Les effets se produisent immédiatement et portent sur l'ensemble du statut.

Effet Contenu
Employeur L'entreprise utilisatrice
Nature du contrat Durée indéterminée
Ancienneté Depuis le premier jour de la mission chez l'utilisateur
Période d'essai L'ancienneté acquise en est déduite, le cas échéant
Préavis en cas de licenciement Deux mois pour une ancienneté inférieure à cinq ans
Indemnité de départ Due à partir de cinq années d'ancienneté de services continus
Risque pénal cumulé Amende de 500 à 10 000 euros par salarié pour défaut de contrat conforme

Pratiques et recommandations

La zone de risque est le week-end ou le pont qui sépare deux contrats. Un contrat qui s'achève le vendredi et un salarié qui reprend le lundi sans que le nouveau contrat de mise à disposition ait été signé : la situation est constituée, et le délai de trois jours ouvrables dont dispose l'agence ne protège pas l'utilisateur puisque le contrat couvrant la période nouvelle n'existe pas encore.

L'ancienneté remontant au premier jour de mission, la durée de présence antérieure devient rétroactivement de l'ancienneté chez l'utilisateur. Un salarié présent onze mois puis maintenu trois jours devient salarié permanent avec onze mois d'ancienneté, ce qui lui ouvre un préavis de deux mois en cas de licenciement.
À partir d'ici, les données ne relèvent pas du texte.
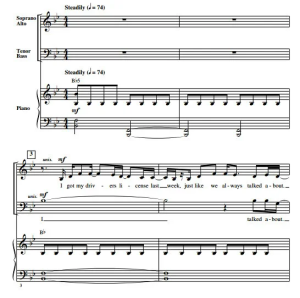 奥利维亚.罗德里戈 drivers license 布莱默版 SATB 四声部混声 流行合唱线谱 有试听-云音圈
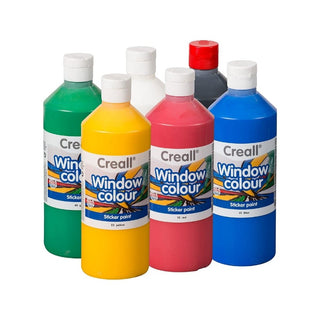 Creall | Fensterfarbe 500ml Flasche Abwaschbar Wasserbasiert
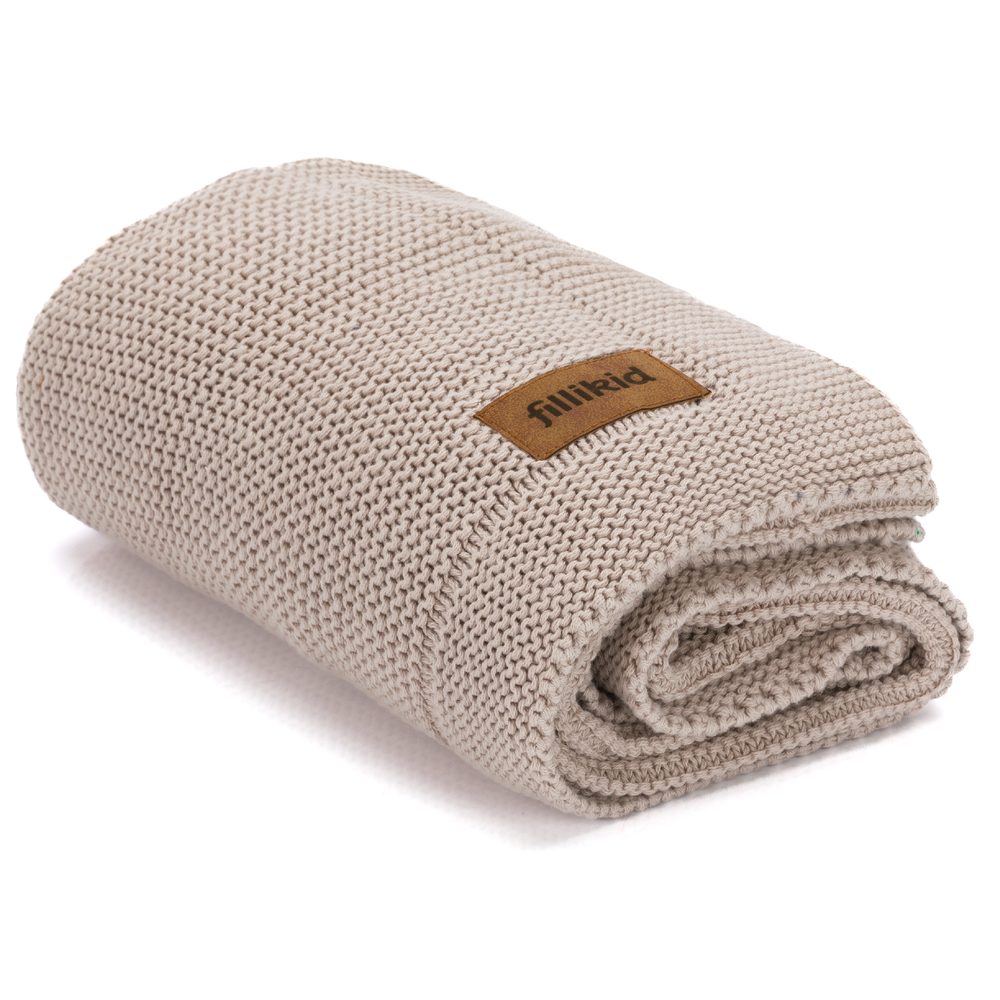 Fillikid Pletená dětská deka Knit taupe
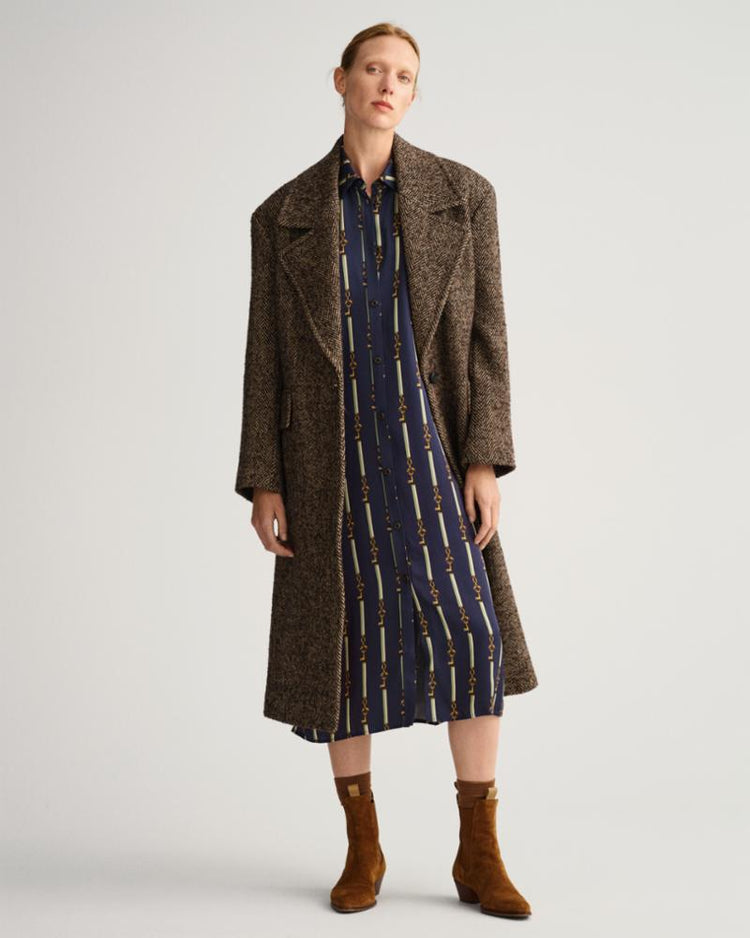 Gant Apparel Womens AMERICAN LUXE SHIRT DRESS 433/EVENING BLUE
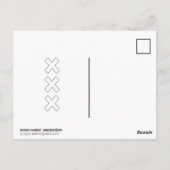 チェス・アムステルグラム ポストカード (裏面)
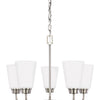 Generation Lighting. Five Light Chandelier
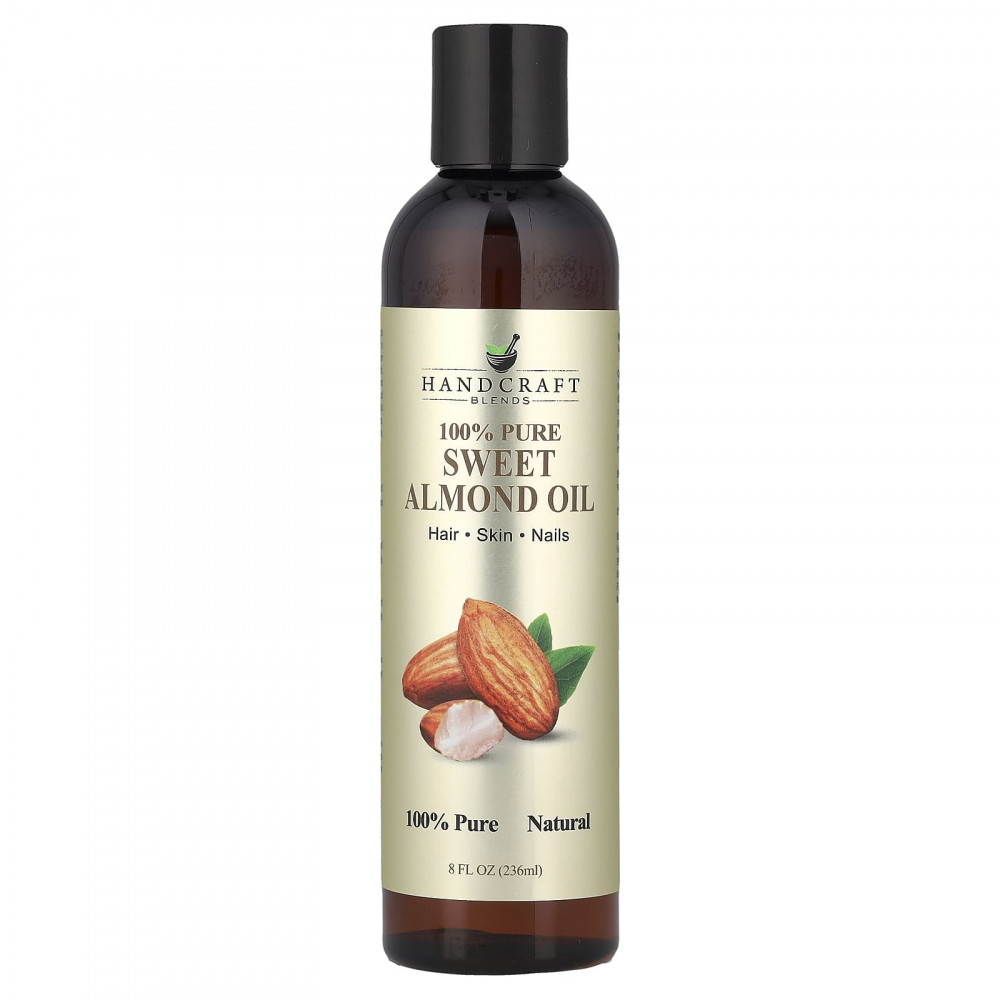 Handcraft Blends, 100% чистое масло сладкого миндаля, 236 мл (8 жидк. унций) в Москве - eco-herb.ru | изображение Handcraft Blends, 100% чистое масло сладкого миндаля, 236 мл (8 жидк. унций) в Москве - eco-herb.ru | фото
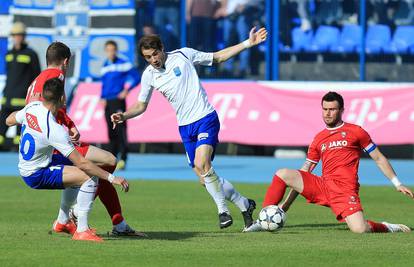 Škorićev gol za vitalne bodove Osijeka protiv Zagreba u Vrtu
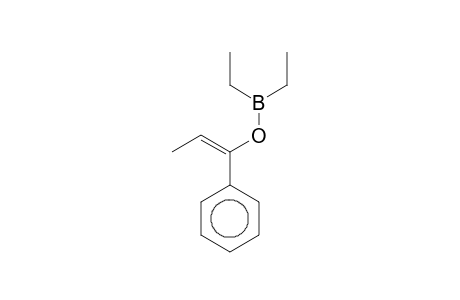 BORINIC ACID, DIETHYL-, 1-PHENYL-1-PROPENYL ESTER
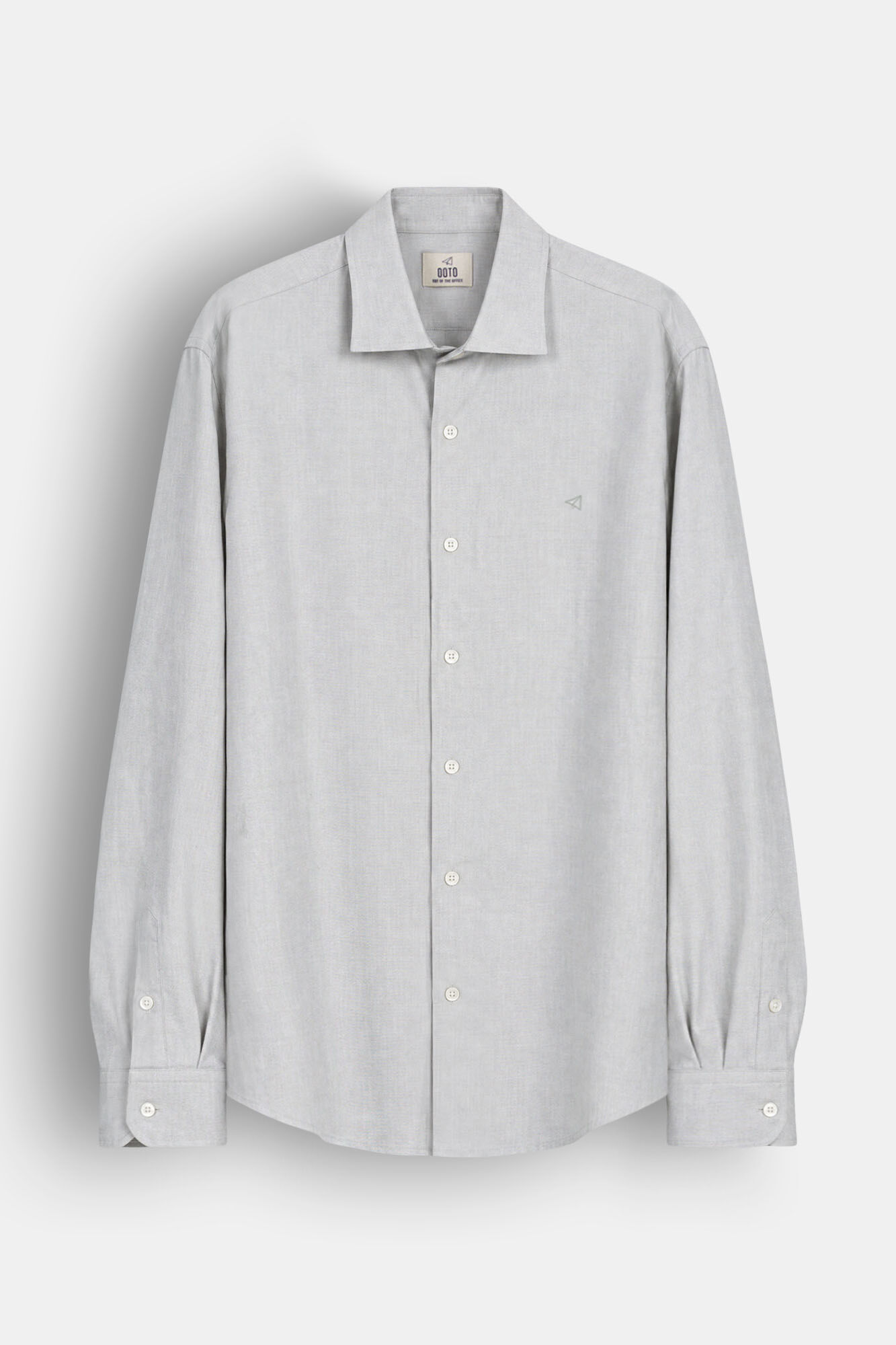 OOTO Camisa oxford lisa manga larga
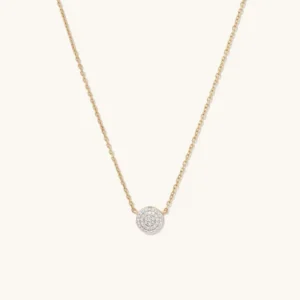 Diamond Round Necklace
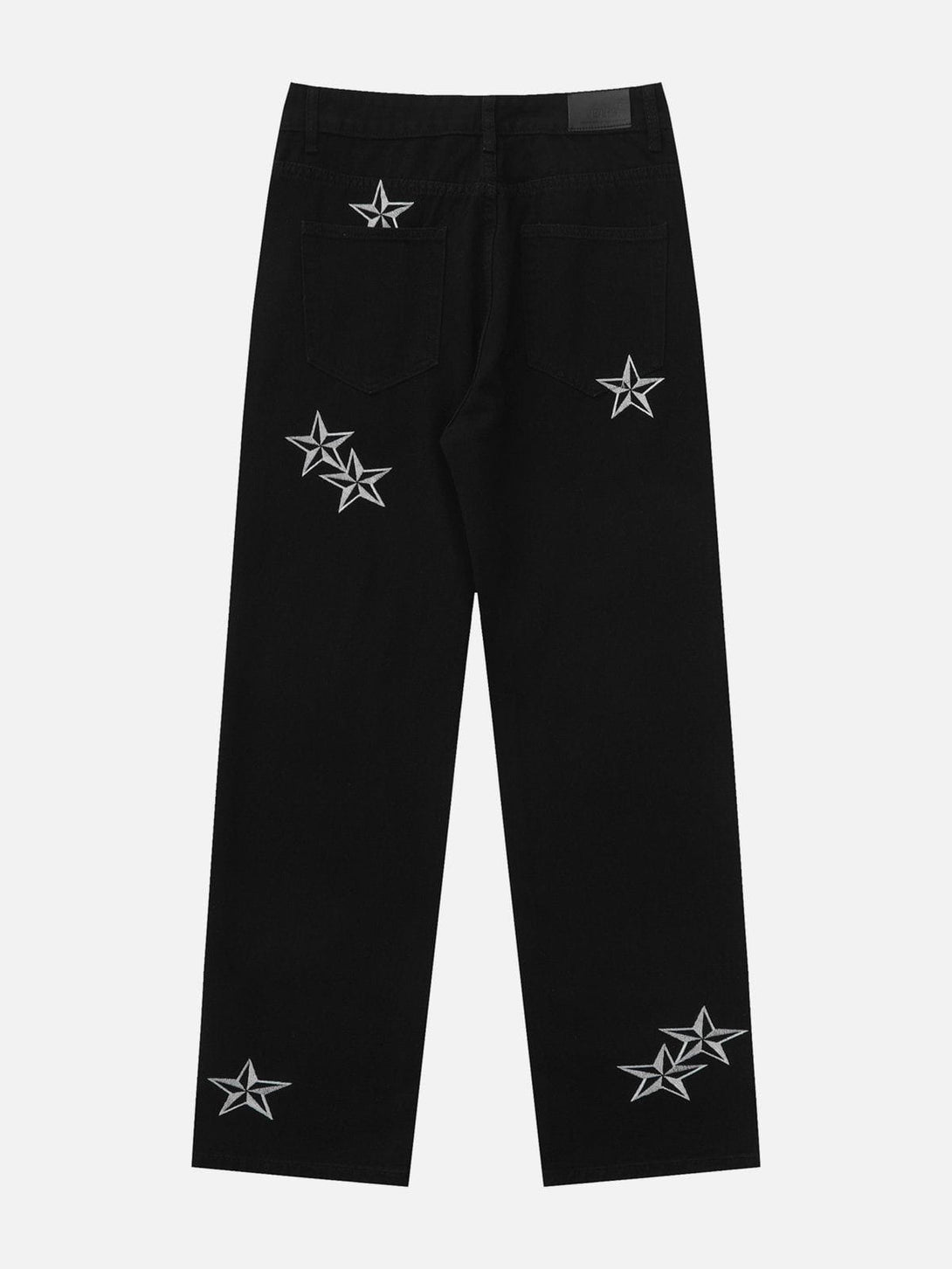 Helmiss - Embroidered Star Jeans- Streetwear Fashion - helmiss.com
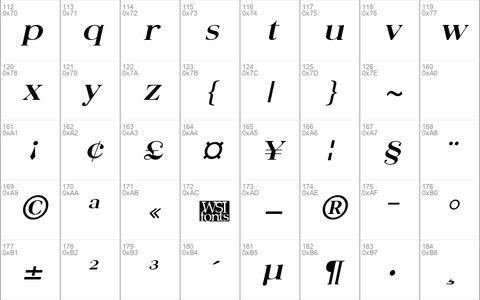 QuantasBroad Bold Italic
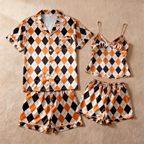 Timeless Couple Pajamas in Glossy Satin Fabric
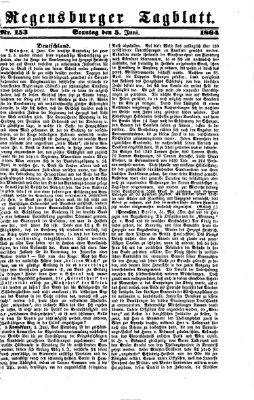 Regensburger Tagblatt Sonntag 5. Juni 1864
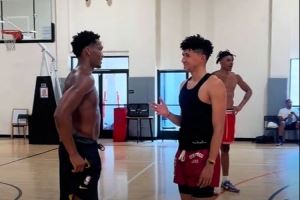 高端局😍前CBA球员卡米然晒与马瑟林对位:CBA打不明白 打NBA吧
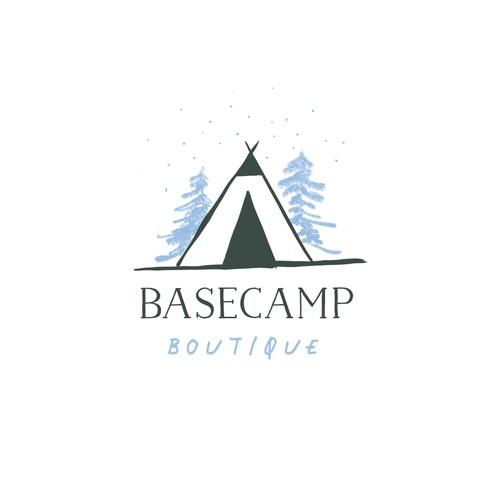 camping tent logo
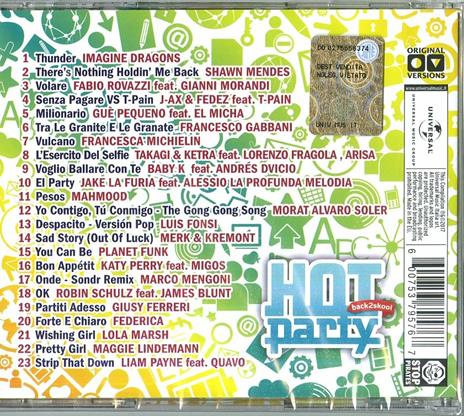 Hot Party Back2Skool - CD Audio - 2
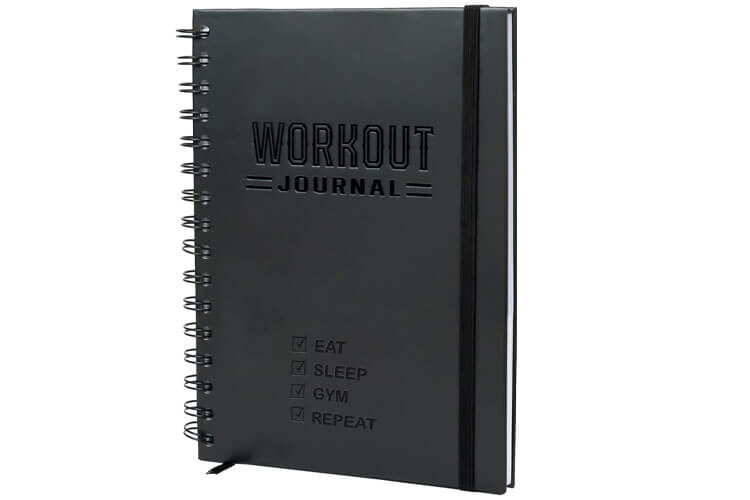 Hardcover Fitness Journal Workout Planner 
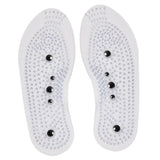 Max 1 Pair Magnetic Trigger Point Massage Insoles Shoes Cushion Insert Pads S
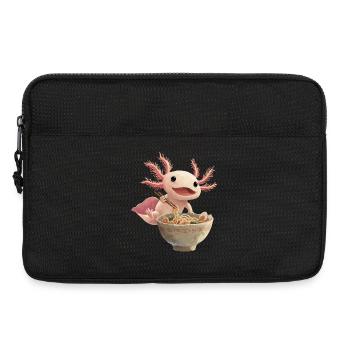 Nouilles ramen aux axolotls - Sacoche pour ordinateur portable 13 pouces - noir - Devant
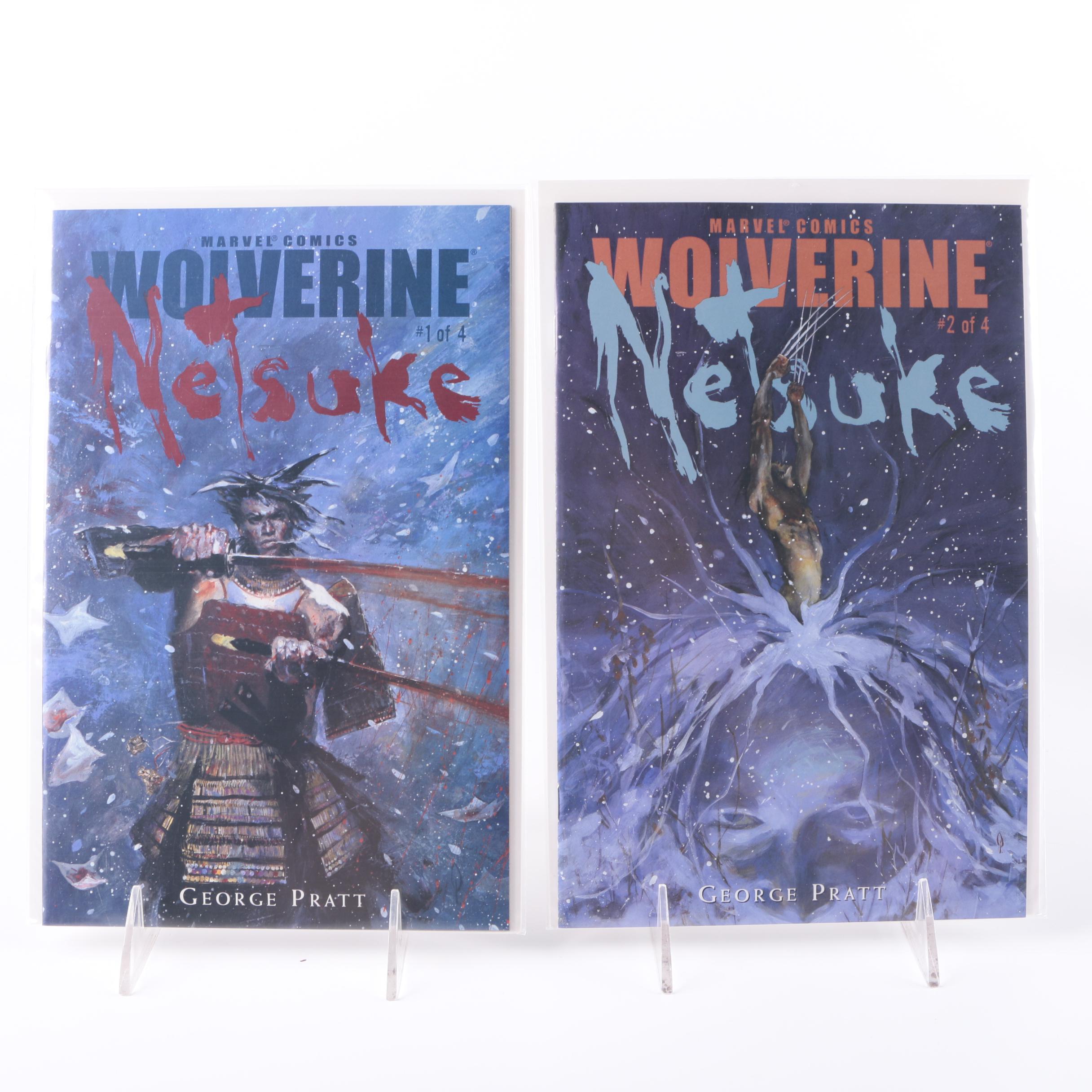 Four Complete "Wolverine" Miniseries Comic Book Sets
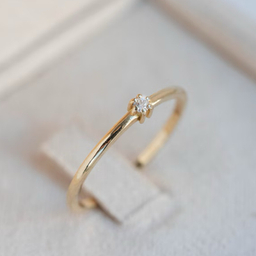 انگشتر طلا 18 عیار زنانه وی وی گلد گالری مدل هلیا 2627 سایز 54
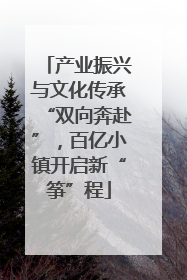 产业振兴与文化传承“双向奔赴”，百亿小镇开启新“筝”程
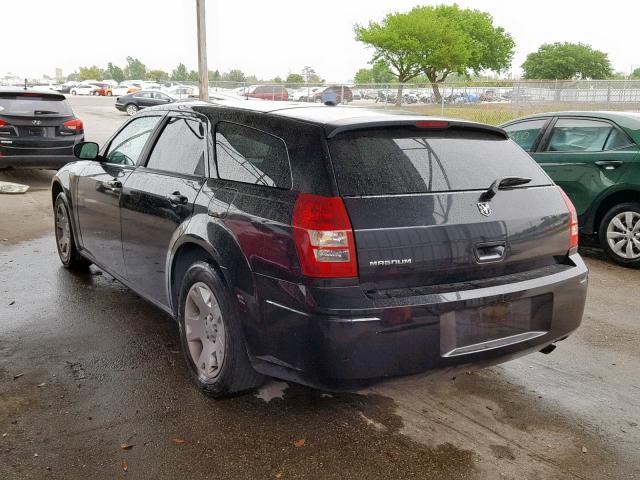 2D4FV47T87H720870 - 2007 DODGE MAGNUM SE BLACK photo 3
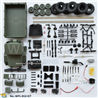 WPL B16 Parts-01-03 KIT version empty car version need to assemble yourself (without electronic components,Also the Remote control,battery,USB charging cable, etc. are not included)-Green,WPL B16 B-16 RC Car Accessories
Le contrôle utile porte sur l'accès au poste, pas sur les documents. Une entreprise qui suit ses dates de fin de mission dans le même outil que ses badges d'accès ferme la principale porte d'entrée de la requalification, là où un contrôle purement administratif la découvre après coup.

Cadre juridique

Référence Objet
Art. L.124-3 (2) du Code du travail Préavis de deux, quatre ou six mois selon l'ancienneté
Art. L.124-7 (1) du Code du travail Indemnité de départ à partir de cinq années d'ancienneté de services continus
Art. L.131-4 (1) du Code du travail Contrat de mise à disposition écrit dans les trois jours ouvrables
Art. L.131-8 (1) du Code du travail Terme du contrat de mission
Art. L.131-10 (1) du Code du travail Contrat à durée indéterminée avec l'utilisateur et ancienneté depuis le premier jour
Art. L.131-10 (2) du Code du travail Reprise d'ancienneté en cas d'embauche volontaire
Art. L.134-3 (1), 3°, du Code du travail Amende encourue par l'utilisateur

Note

Aucun seuil de durée n'est exigé : la poursuite du travail sans contrat suffit, dès le lendemain du terme. L'ancienneté est comptée depuis le premier jour de la mission, et non depuis le jour du dépassement.